Apple must defend in court bullish statements made by CEO Tim Cook and other executives about 2018 iPhone demand. iPhone sales were actually slowing at the time, leading to a drop in the company’s share price.

A judge ruled Tuesday that a shareholder lawsuit accusing the company of deliberately misleading investors can go ahead.

Watch what you say about iPhone sales, Tim

In November 2018, Cook told investors that “the XS and XS Max got off to a really great start.” And he and other Apple executives painted a rosy picture of iPhone demand.

But shortly afterward, the company asked Foxconn and others to reduce production of new iOS handsets. And in January 2019, the Apple CEO warned investors in an open letter that iPhone sales were weak.

In the time between the two statements from Cook, Apple’s share price dropped about 25%.

In her ruling Tuesday allowing the lawsuit to go ahead, U.S. District Judge Yvonne Gonzalez Rogers wrote: “It is simply implausible that Cook would not have known that iPhone demand in China was falling mere days before cutting production lines,” according to Reuters.

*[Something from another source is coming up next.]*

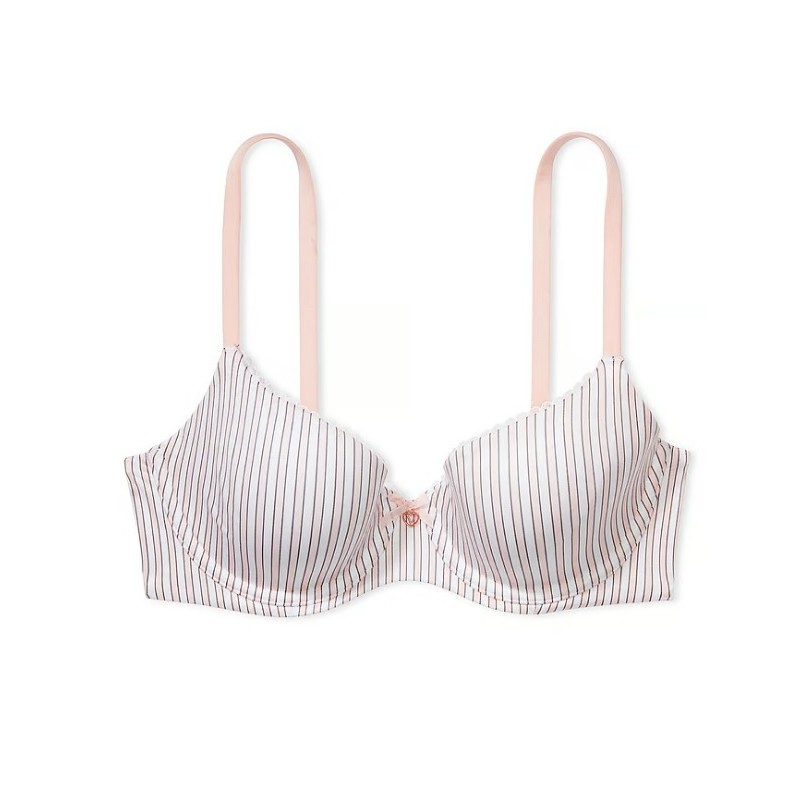 Soutien-gorge corbeille légèrement doublé en dentelle lisse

Also on Nov. 1, 2019, Apple stopped revealing how many iPhone units it shipped every quarter. It was the only major handset-maker making this type of announcement, but the change still caused a furor. Rogers said this move “plausibly suggests that defendants expected unit sales to decline.”

The shareholders’ lawsuit was filed in April 2019 by the City of Roseville Employees’ Retirement System, a pension plan for municipal workers in Roseville, Michigan, that lost money on its Apple investment.

“As a result of their purchases of Apple common stock during the Class Period, plaintiff and other members of the Class suffered economic loss,” according to the lawsuit.

It’s moving ahead as Apple Inc Securities Litigation, U.S. District Court, Northern District of California, No. 19-02033 (.pdf).